La sécurité est essentielle dans cette procédure car la soude caustique est très corrosive. Vous devez vous protéger de la tête aux pieds avec des lunettes, des gants et un tablier. Vous devez également protéger vos pieds – quelque chose que j’ai oublié lors de mon premier essai.

Ensuite, vous ajoutez l’huile de cuisson. C’est la partie la plus difficile car le mélange doit être agité avec un bâton pendant 40 minutes, jusqu’à ce qu’il devienne homogène. C’est là que j’ai ajouté un petit quelque chose qui fait toute la différence : j’ai commencé à utiliser un mixeur plongeant électrique, et maintenant cette étape se fait en cinq minutes.

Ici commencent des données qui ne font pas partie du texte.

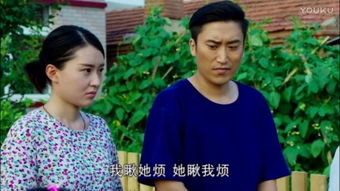 乡村爱情第二部央视网
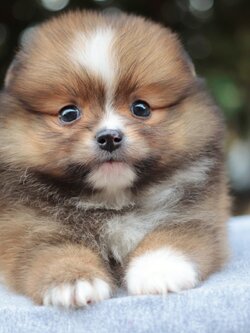 ปอมเมอเรเนียน เพศเมียสีส้ม หน้าฟ็อก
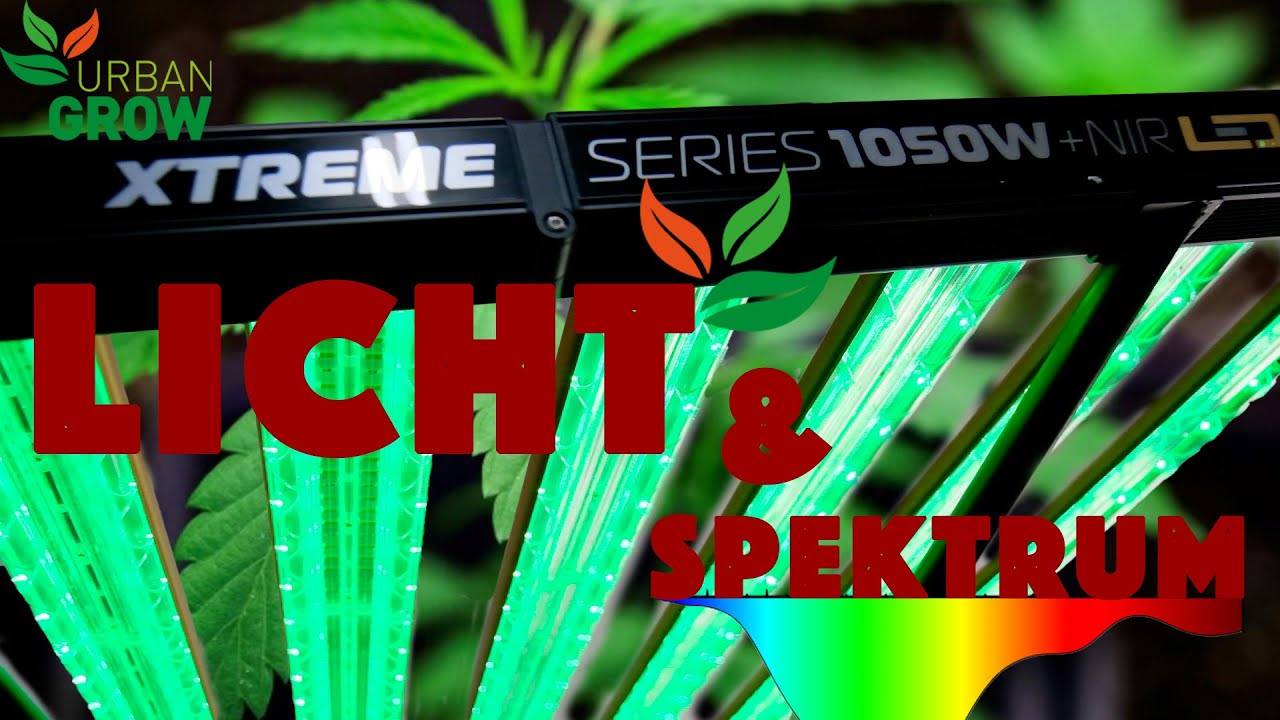 Far Red, UV, IR & Grünes Licht // Was macht das alles?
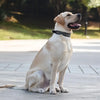 A light-colored Labrador dog wearing a black studded leather collar sitting on a paved surface.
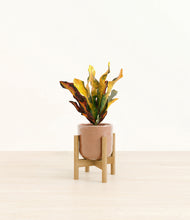 Load image into Gallery viewer, Hammered Peach Pink stand:bamboo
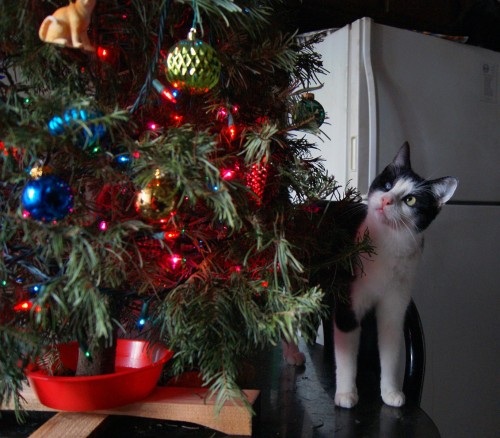 Time to take down the ornaments already(via maxeythecat)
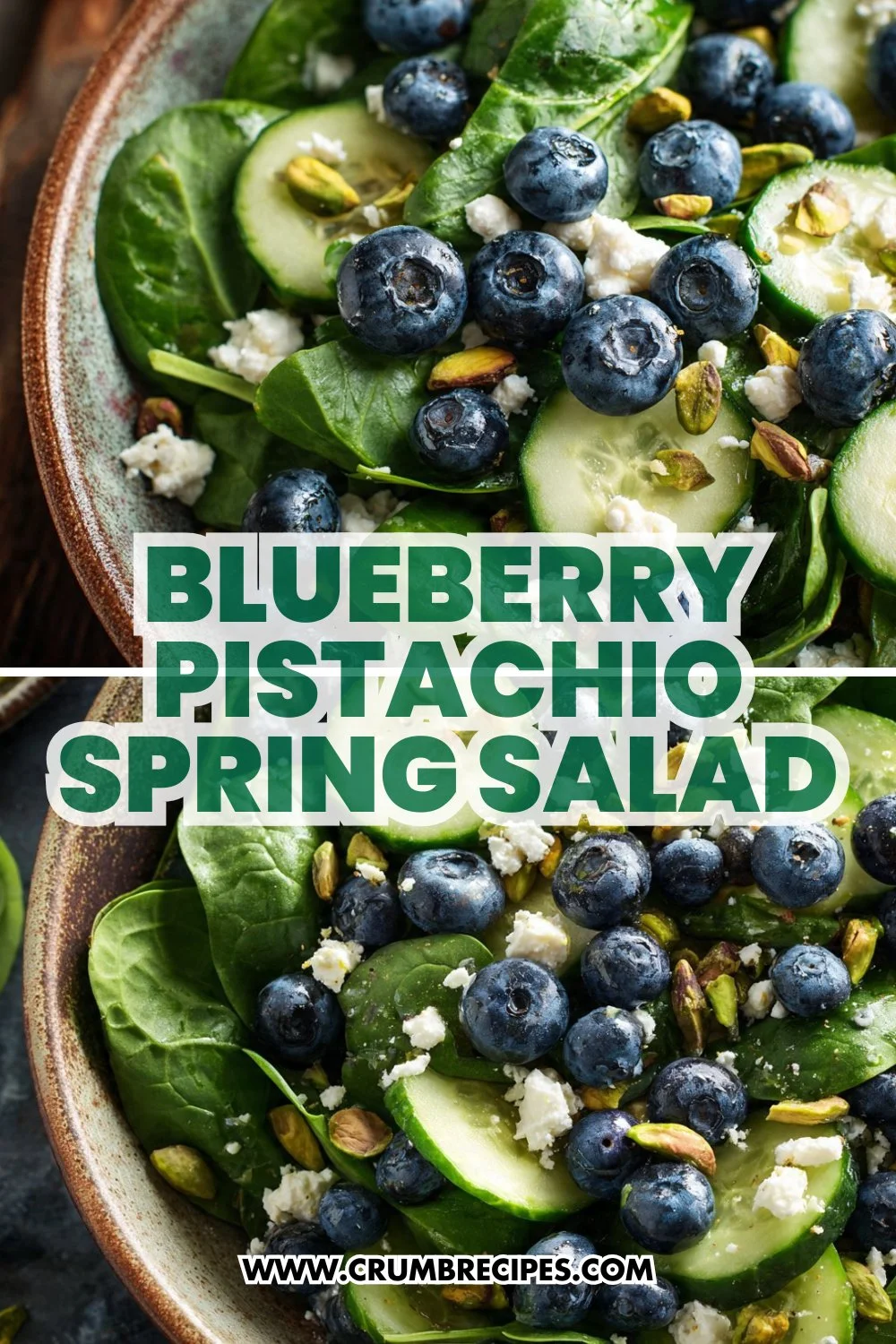 Blueberry Pistachio Spring Salad: Bright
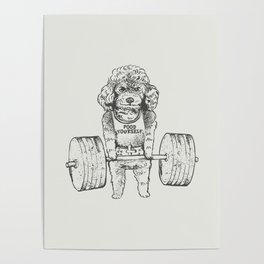 Poodle Lift Poster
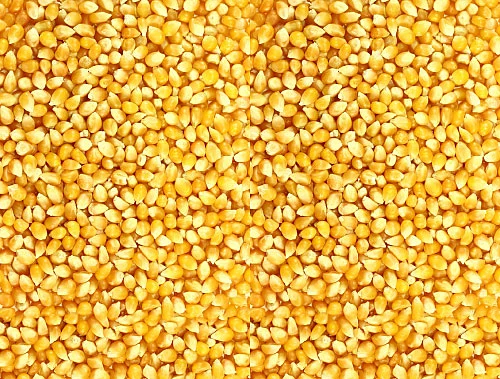 அவ்வளவும் சத்து - தானியங்கள் பருப்புகள் பலன்கள்!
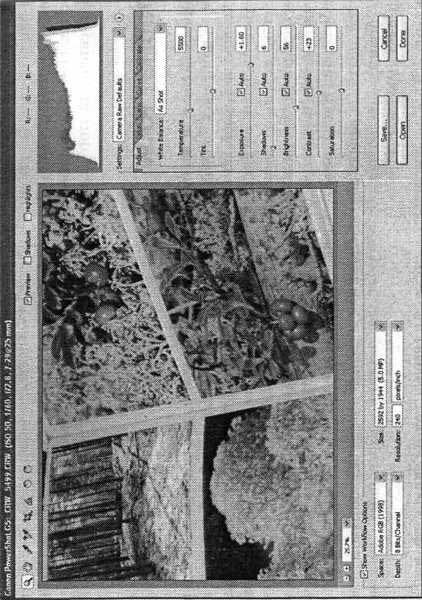 Photoshop CS2 и цифровая фотография (Самоучитель). Главы 1-9 - ris_4_4.jpg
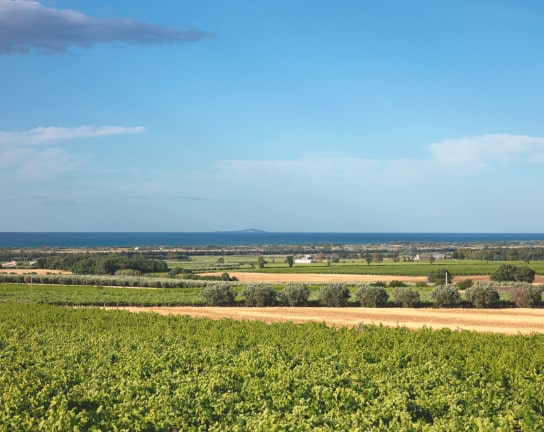 Tenute Martarosa in primavera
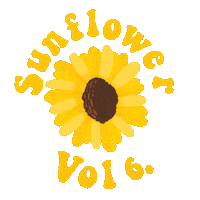 wtchmebloom harry styles girasol fine line luceese Sticker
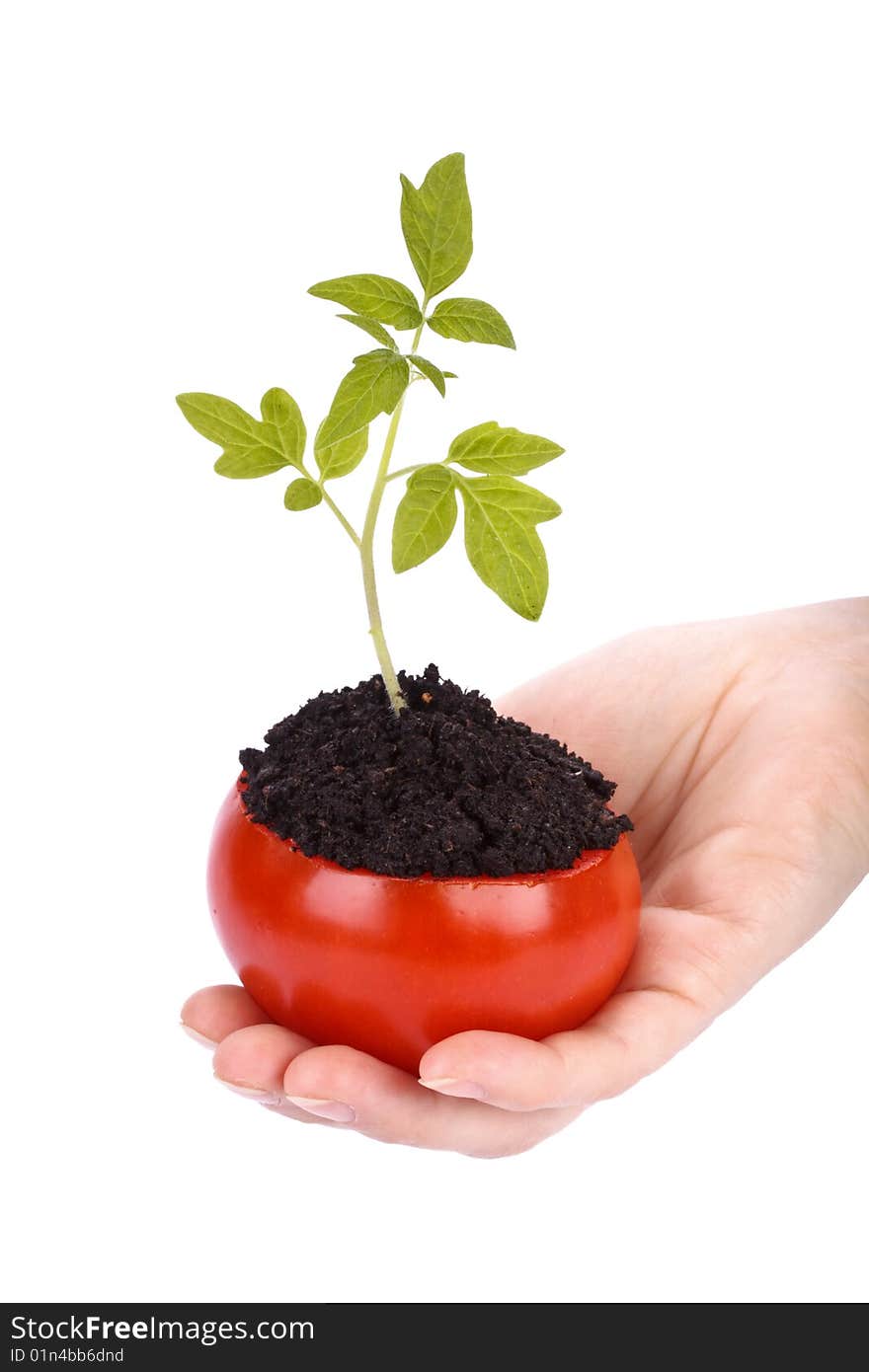 Transplant of a tree in a pot from fresh tomato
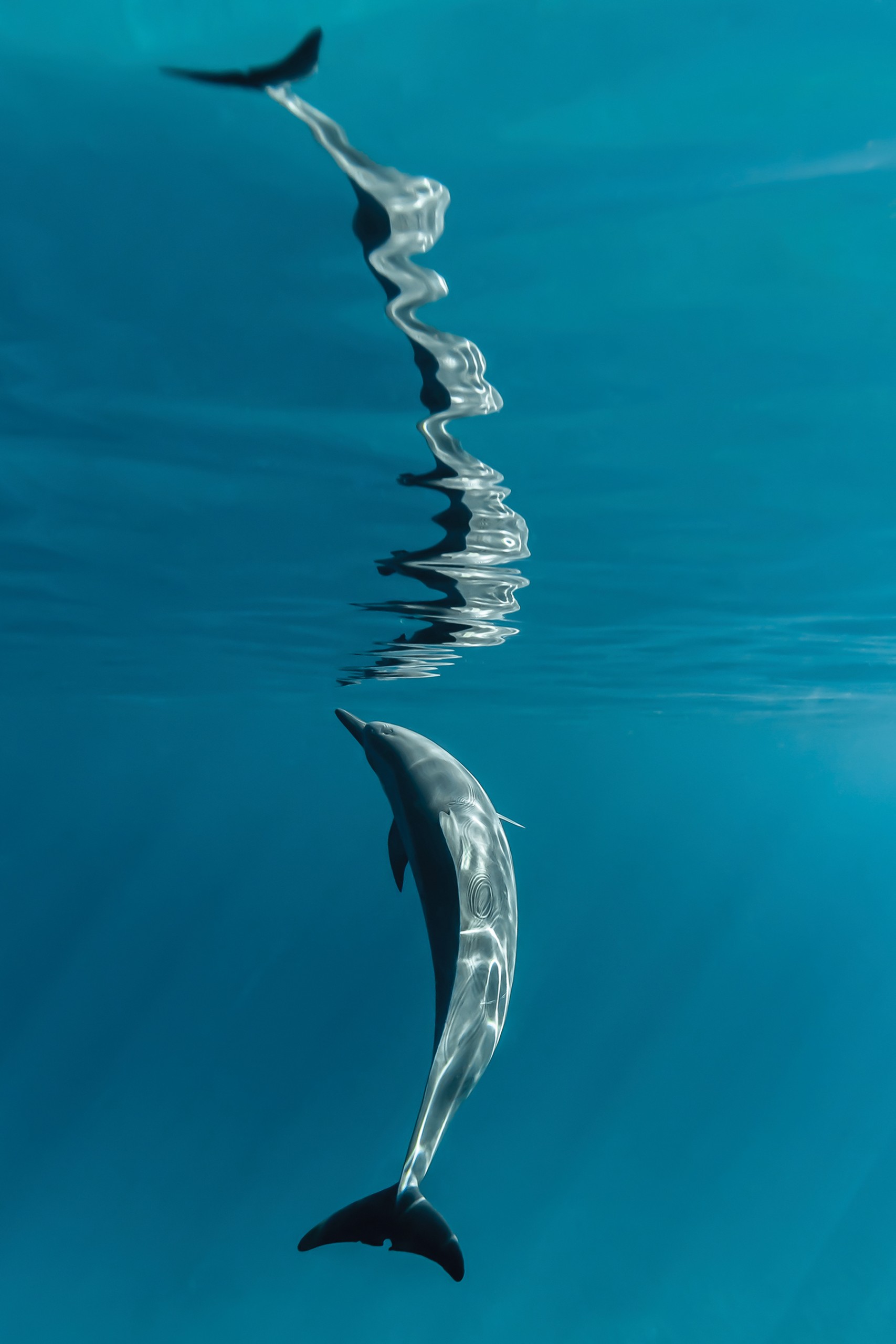 2204 Photocontestwildlife Eriragan Swpn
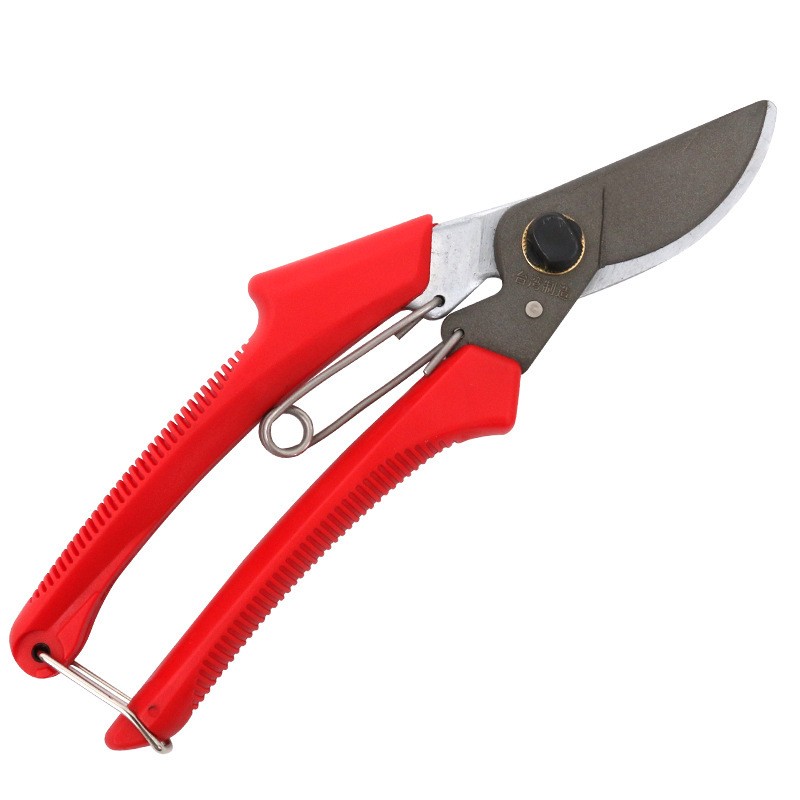 Professional Pruning Shears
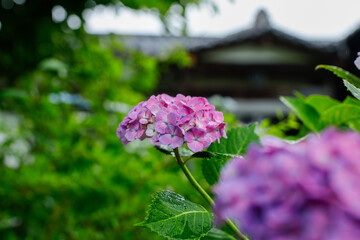 日本の宮城県仙台市「資福寺」で雨の中咲く美しい紫陽花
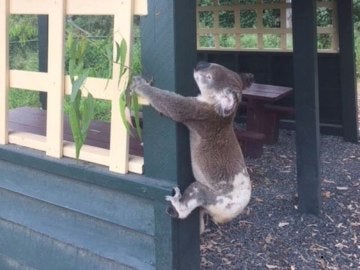 Las autoridades australianas investigan la muerte de un koala que apareció atornillado a un poste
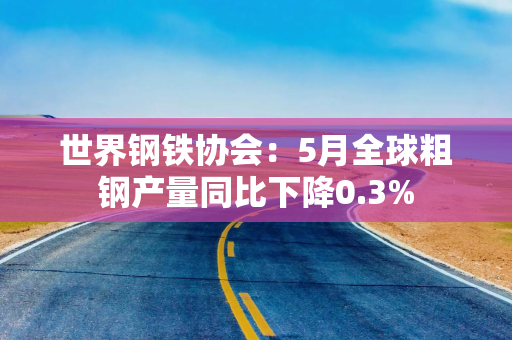 世界钢铁协会：5月全球粗钢产量同比下降0.3%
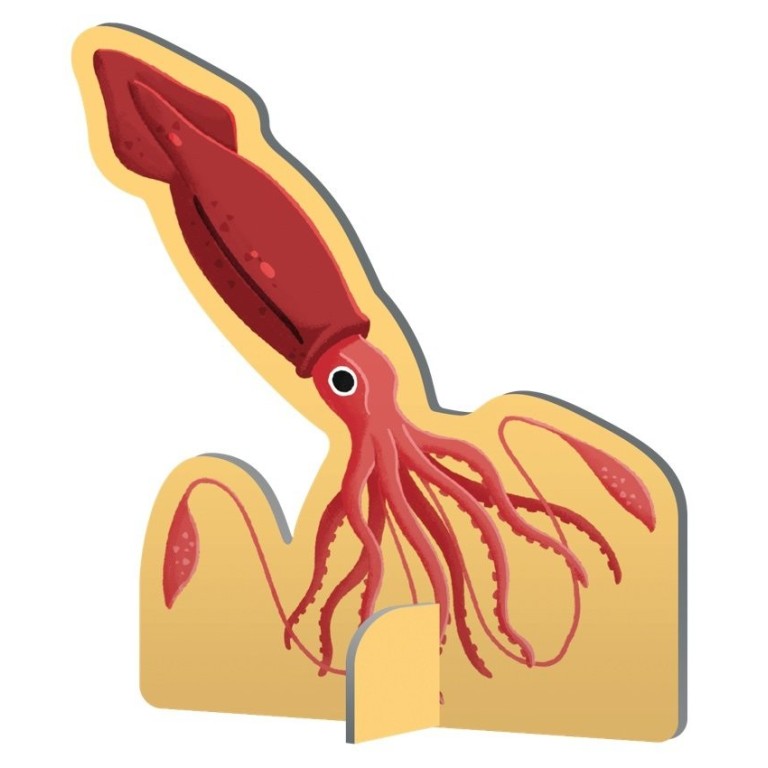 Le coffret du méga atlas de la mer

Dans ma recette, j’ajoute également un peu de détergent à vaisselle pour augmenter la mousse et un peu de lessive en poudre pour l’arôme. Lorsque le mélange atteint le point de traçage – lorsque l’huile et la soude caustique forment une émulsion et ne se séparent plus – nous le versons dans un moule en plastique rectangulaire, et cinq heures plus tard, il est prêt à être coupé. Après la coupe, il doit sécher pendant au moins une semaine.

Comment récupérez-vous l’huile de cuisson et distribuez-vous le savon ?

J’ai commencé par demander à ma famille, mes amis et mes voisins. Mais bientôt le réseau s’est élargi. J’ai pris contact avec de petites entreprises, comme des vendeurs de nourriture de rue, et maintenant je récupère leur huile usagée.

Je distribue le savon dans les églises, qui ont une grande influence au Brésil. Les gens viennent, apportent leurs bouteilles d’huile et reviennent plus tard chercher leur savon. Un litre d’huile usée se transforme en une dizaine de pains de savon. Ce savon peut être utilisé pour la vaisselle et le linge, mais aussi pour le lavage des mains et du corps.

Vous avez animé des ateliers pour enseigner la fabrication du savon. Comment ça c’est passé?

Je me suis associé à l’organisation non gouvernementale Seu Vizinho , qui promeut des activités éducatives, sociales et culturelles dans le quartier d’Aglomerado da Serra, qui est un quartier pauvre de Belo Horizonte où même des articles de base tels que des serviettes hygiéniques peuvent être considérés comme un luxe. .

J’ai conçu quatre sessions d’ateliers à l’été 2021. Nous avons fourni tout le matériel – les ingrédients, le mixeur, les seaux, les lunettes, les gants et les tabliers pour les participants.

Les participants ont apporté leur propre huile de cuisson. Lorsque nous avons vidangé l’huile, j’ai remarqué qu’elle contenait plus de résidus que ce à quoi je m’attendais après avoir été utilisée à plusieurs reprises. Cela m’a beaucoup touché. Je leur ai montré comment ils pouvaient laisser sécher ce résidu, très riche en protéines, puis le réutiliser, par exemple, pour nourrir les animaux.

Ils ont été étonnés des résultats, et j’ai été recontacté pour faire un nouvel atelier sur les variétés de savons. J’ai également laissé tout le matériel à la communauté, afin qu’ils puissent fabriquer du savon quand ils le souhaitent.

Je fais ce travail en tant que bénévole. C’est une façon de redonner à la société. J’espère poursuivre ce projet pour le reste de ma vie.

doi : https://doi.org/10.1038/d41586-022-01817-6

Janetti Francischi (photo de gauche, arrière gauche, levant le pouce) enseigne aux femmes de Belo Horizonte, au Brésil, comment fabriquer du savon (photo de droite) à partir d’huiles de cuisson usagées.